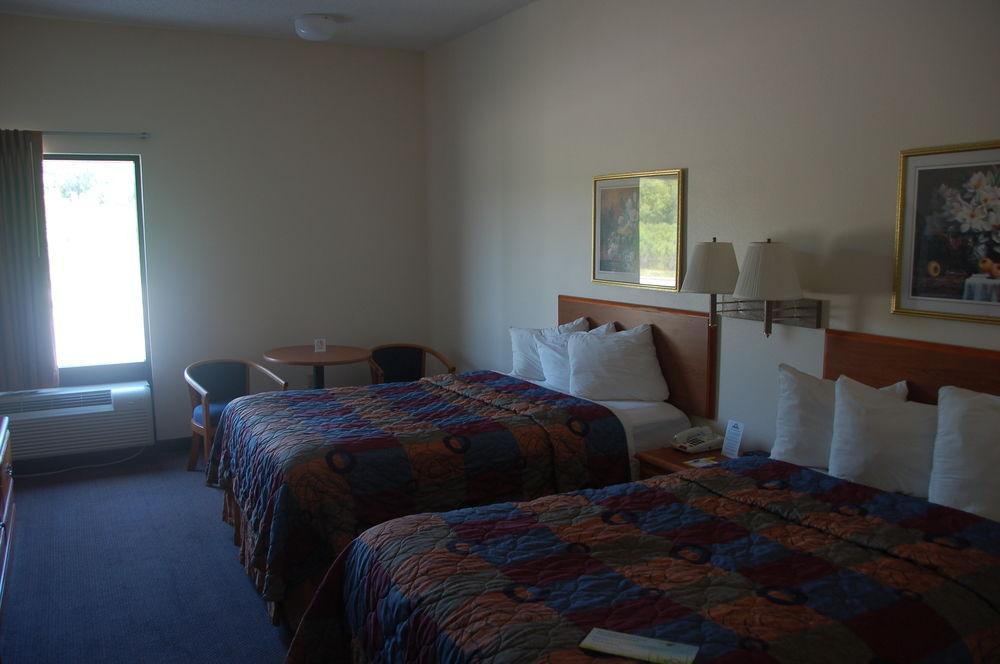 Spark By Hilton 2*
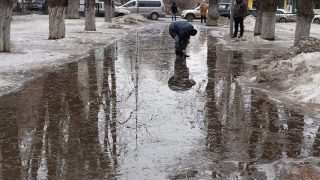 От чопиков до мусорок. Фоторепортаж с аллеи на Рахова
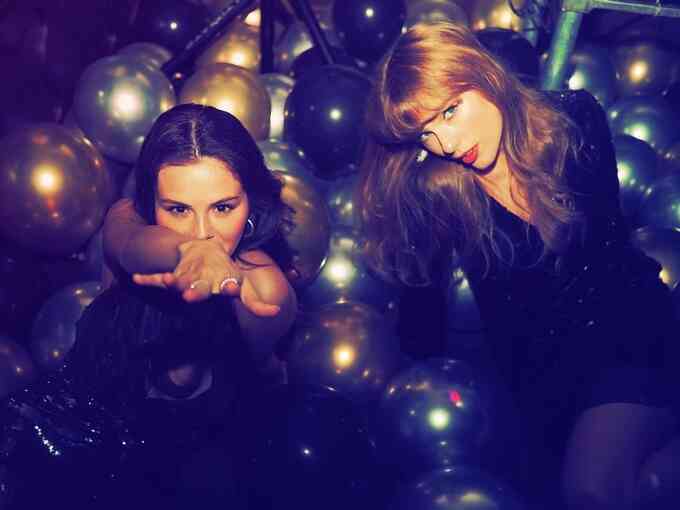 Selena Gomez đón sinh nhật cùng Taylor Swift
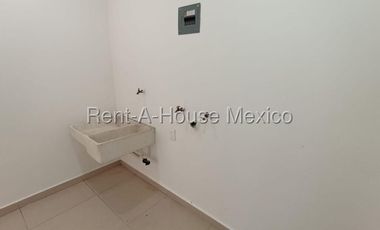 Casa en Venta en Zen House, El Mirador, Qro. con Habitación en Planta Baja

▸ Task prompt: Only the text of the listing above is wanted, transcribed exactly, without its images.

▸ Response to this task:
 Spark By Hilton 2*
 От чопиков до мусорок. Фоторепортаж с аллеи на Рахова
 Selena Gomez đón sinh nhật cùng Taylor Swift
 Casa en Venta en Zen House, El Mirador, Qro. con Habitación en Planta Baja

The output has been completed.